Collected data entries
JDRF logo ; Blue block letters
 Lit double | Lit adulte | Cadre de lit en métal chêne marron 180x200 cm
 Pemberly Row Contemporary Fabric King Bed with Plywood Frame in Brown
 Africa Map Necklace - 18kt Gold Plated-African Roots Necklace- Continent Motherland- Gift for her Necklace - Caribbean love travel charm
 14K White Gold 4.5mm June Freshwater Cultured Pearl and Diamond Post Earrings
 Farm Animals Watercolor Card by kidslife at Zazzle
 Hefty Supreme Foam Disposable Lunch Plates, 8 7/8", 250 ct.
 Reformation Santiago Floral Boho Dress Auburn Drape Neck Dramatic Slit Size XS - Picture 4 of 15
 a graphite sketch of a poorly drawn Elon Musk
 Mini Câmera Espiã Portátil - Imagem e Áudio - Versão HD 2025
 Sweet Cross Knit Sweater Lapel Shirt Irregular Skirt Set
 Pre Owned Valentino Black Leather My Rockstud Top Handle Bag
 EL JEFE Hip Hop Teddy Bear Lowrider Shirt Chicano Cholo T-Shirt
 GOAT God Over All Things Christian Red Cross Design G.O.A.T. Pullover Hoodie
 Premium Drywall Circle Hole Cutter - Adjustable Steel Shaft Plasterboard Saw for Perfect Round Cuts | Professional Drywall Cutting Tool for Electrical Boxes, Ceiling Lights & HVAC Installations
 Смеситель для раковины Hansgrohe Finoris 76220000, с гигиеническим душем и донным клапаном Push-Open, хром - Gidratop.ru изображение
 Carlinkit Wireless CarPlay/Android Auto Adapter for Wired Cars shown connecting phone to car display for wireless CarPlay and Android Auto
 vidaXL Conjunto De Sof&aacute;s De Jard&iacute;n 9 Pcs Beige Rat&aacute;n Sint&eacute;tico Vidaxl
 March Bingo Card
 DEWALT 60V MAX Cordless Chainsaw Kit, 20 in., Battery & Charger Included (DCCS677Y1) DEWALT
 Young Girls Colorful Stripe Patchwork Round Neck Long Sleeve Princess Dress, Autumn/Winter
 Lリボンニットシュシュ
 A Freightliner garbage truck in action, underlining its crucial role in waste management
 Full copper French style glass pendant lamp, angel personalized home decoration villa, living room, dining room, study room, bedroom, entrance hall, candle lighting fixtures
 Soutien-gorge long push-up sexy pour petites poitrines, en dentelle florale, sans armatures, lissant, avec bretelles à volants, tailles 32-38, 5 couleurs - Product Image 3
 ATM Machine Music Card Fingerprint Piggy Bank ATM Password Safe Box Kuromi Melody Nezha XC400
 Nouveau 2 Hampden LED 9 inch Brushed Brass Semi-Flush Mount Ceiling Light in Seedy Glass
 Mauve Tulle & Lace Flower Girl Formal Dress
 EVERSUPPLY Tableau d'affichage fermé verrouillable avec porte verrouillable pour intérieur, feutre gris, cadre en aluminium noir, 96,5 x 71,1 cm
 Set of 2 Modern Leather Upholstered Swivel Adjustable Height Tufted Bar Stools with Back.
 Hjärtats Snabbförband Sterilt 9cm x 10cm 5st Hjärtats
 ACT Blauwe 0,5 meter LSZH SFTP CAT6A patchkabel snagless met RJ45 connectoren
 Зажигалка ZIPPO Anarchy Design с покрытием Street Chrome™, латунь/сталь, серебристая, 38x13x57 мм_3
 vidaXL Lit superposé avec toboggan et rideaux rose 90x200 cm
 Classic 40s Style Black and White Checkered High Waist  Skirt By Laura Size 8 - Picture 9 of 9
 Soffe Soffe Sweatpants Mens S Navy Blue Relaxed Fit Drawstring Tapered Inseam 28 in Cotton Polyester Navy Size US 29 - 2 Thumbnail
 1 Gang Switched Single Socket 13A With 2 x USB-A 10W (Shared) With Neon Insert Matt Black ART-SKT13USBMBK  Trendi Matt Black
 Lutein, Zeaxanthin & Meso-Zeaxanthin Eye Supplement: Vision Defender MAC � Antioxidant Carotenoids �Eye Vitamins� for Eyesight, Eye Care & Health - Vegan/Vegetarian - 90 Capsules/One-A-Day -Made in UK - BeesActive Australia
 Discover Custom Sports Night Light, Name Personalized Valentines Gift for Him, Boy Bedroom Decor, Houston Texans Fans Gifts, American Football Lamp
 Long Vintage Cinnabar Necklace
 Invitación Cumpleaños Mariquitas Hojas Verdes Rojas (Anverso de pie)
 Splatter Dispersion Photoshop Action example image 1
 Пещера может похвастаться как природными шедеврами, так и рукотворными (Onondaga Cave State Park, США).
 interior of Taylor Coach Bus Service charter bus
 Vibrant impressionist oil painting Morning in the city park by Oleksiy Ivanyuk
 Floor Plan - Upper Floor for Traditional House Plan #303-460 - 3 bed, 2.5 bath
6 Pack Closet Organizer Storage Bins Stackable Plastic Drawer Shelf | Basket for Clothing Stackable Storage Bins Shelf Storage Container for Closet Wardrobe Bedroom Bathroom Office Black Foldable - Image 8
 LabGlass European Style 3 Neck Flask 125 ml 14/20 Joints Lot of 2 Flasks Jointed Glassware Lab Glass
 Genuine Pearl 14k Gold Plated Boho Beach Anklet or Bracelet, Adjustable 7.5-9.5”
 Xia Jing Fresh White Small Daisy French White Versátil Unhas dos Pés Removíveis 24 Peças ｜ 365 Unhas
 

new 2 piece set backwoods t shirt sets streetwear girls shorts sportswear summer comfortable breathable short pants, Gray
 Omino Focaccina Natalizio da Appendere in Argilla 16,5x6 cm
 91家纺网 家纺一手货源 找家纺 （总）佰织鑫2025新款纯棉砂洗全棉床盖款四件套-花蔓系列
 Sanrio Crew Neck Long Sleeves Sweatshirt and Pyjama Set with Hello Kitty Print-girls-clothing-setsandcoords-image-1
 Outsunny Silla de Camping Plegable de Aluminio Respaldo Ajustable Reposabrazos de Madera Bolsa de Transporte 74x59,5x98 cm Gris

Aim of the task
Quote the data above verbatim from its first line to the line that includes "Смеситель для раковины", with both boundary lines retained.

Answer section
JDRF logo ; Blue block letters
 Lit double | Lit adulte | Cadre de lit en métal chêne marron 180x200 cm
 Pemberly Row Contemporary Fabric King Bed with Plywood Frame in Brown
 Africa Map Necklace - 18kt Gold Plated-African Roots Necklace- Continent Motherland- Gift for her Necklace - Caribbean love travel charm
 14K White Gold 4.5mm June Freshwater Cultured Pearl and Diamond Post Earrings
 Farm Animals Watercolor Card by kidslife at Zazzle
 Hefty Supreme Foam Disposable Lunch Plates, 8 7/8", 250 ct.
 Reformation Santiago Floral Boho Dress Auburn Drape Neck Dramatic Slit Size XS - Picture 4 of 15
 a graphite sketch of a poorly drawn Elon Musk
 Mini Câmera Espiã Portátil - Imagem e Áudio - Versão HD 2025
 Sweet Cross Knit Sweater Lapel Shirt Irregular Skirt Set
 Pre Owned Valentino Black Leather My Rockstud Top Handle Bag
 EL JEFE Hip Hop Teddy Bear Lowrider Shirt Chicano Cholo T-Shirt
 GOAT God Over All Things Christian Red Cross Design G.O.A.T. Pullover Hoodie
 Premium Drywall Circle Hole Cutter - Adjustable Steel Shaft Plasterboard Saw for Perfect Round Cuts | Professional Drywall Cutting Tool for Electrical Boxes, Ceiling Lights & HVAC Installations
 Смеситель для раковины Hansgrohe Finoris 76220000, с гигиеническим душем и донным клапаном Push-Open, хром - Gidratop.ru изображение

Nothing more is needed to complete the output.